Next, the drawLetters function is used to build the letter buttons for guessing letters in the puzzle. It draws and positions boxes similar to your previous function, while also creating text labels as you loop through the abc variable. The abc variable is a string that simply has every letter in the alphabet. Since you are assigning the click events to each button, a reference to these corresponding text objects are assigned to them. You do this so you can use them later in the handler function to evaluate the puzzle.
Finally, drawMessages adds simple text objects to the stage. One displays the title of the game, and another displays the number of lives the player has during gameplay.
Figure 3-8 shows the results on the stage after you call the drawing functions.
Figure 3-8. Messages and game objects added to your stage
Now that each button has been registered for a mouse click event, you need to create the handler function that will determine what action is needed when a player chooses a letter. Listing 3-17 shows this handler function.
Listing 3-17. wordGame.js – onLetterClick Function to Handle Button Clicks
function onLetterClick(e) {
var btn = e.target;
var txt = btn.txt;
btn.removeEventListener('click', onLetterClick);
checkForMatches(txt);
checkGame();
}
A reference to both the button that was clicked and the text object that it’s tied to are held in local variables. The mouse events are immediately removed to prevent the player from clicking the same letter twice, and a few functions (see Listing 3-18) are then called to factor the result of the latest letter choice.

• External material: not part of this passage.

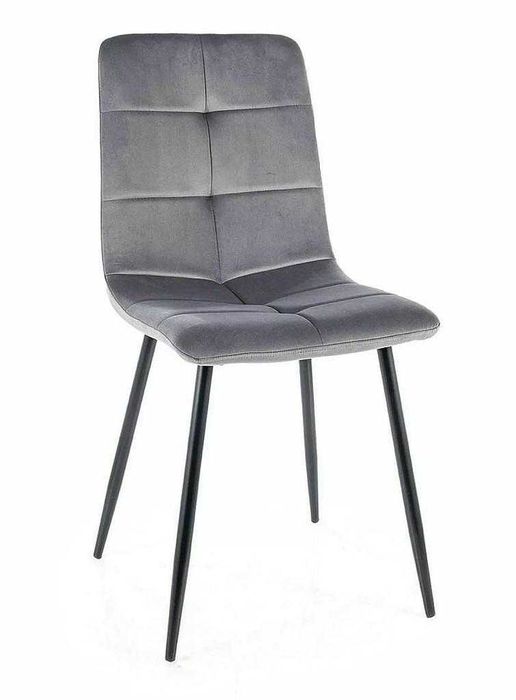 НОВИ трапезни столове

Listing 3-18. wordGame.js – checkForMatches and checkGame Functions Used to Check Letter Matches and Game Status
function checkForMatches(txt) {
var letter = txt.text
var i, char, box, txtClone;
var match = false;
var l = answer.length;
for (i = 0; i < l; i++) {
char = answer[i];
if (char == ' ' || char == '&') {
continue;
}
box = stage.getChildByName('box_' + i);
if (box.key == letter) {
lettersNeeded--;
match = true;
txtClone= txt.clone();
txtClone.color = "#000";
txtClone.x = box.x;
txtClone.y = box.y;
stage.addChild(txtClone);
}
}
stage.removeChild(txt);
if (!match) {
lives--;
livesTxt.text = "LIVES: " + lives;
}
}
function checkGame() {
if (lettersNeeded == 0) {
win = true;
gameOver();
}
else if (lives == 0) {
win = false;
gameOver();
}
}
A reference to the button’s corresponding text object is passed to checkForMatches, and its text value will be used to check for matches in the puzzle. You then create a variable defaulted to false that will be updated to true if you find any matches in the function’s loop. This loop is set up to iterate through each letter in the answer while checking for a match in each puzzle box. If that character is either a space or a symbol used for formatting, you ignore it and continue on with the loop. Using your iterator, you can reference each box in the puzzle and the keys you assigned to them.

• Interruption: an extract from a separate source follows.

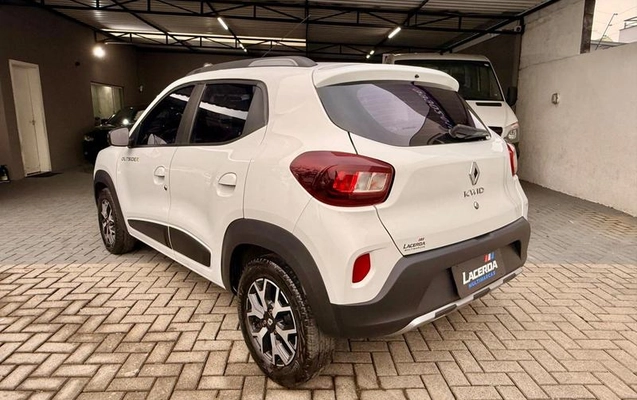 imagem-https://www.socarrao.com.br/sc-vehicle-images-prod/3183813/1787147175301-8374680_6_B_6dfc2c5667.jpeg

If you find a match, you first subtract the amount of letters needed to win the game and set the match variable to true. You need to then display this letter on the appropriate box to indicate that a match was made and further reveal the secret phrase (see Figure 3-9). The Text object has a clone method that will create a new text instance, using all of the same properties assigned to it. This is much faster than having to create a new one from scratch. After changing its color and coordinates, it’s added to the stage in the center of the appropriate box.
Figure 3-9. Correct letters chosen and placed in empty boxes
After the loop, you remove the button’s text object from the stage to indicate that this letter is no longer available to choose from. If you made it through the loop with no matches, you subtract the player’s lives and update the livesTxt text object.
At this point, your checkGame function is called to check on the player’s progress. If the player got all of the letters, win is set to true and gameOver is called. Similarly, if the player is out of lives, win is set to false and gameOver is fired.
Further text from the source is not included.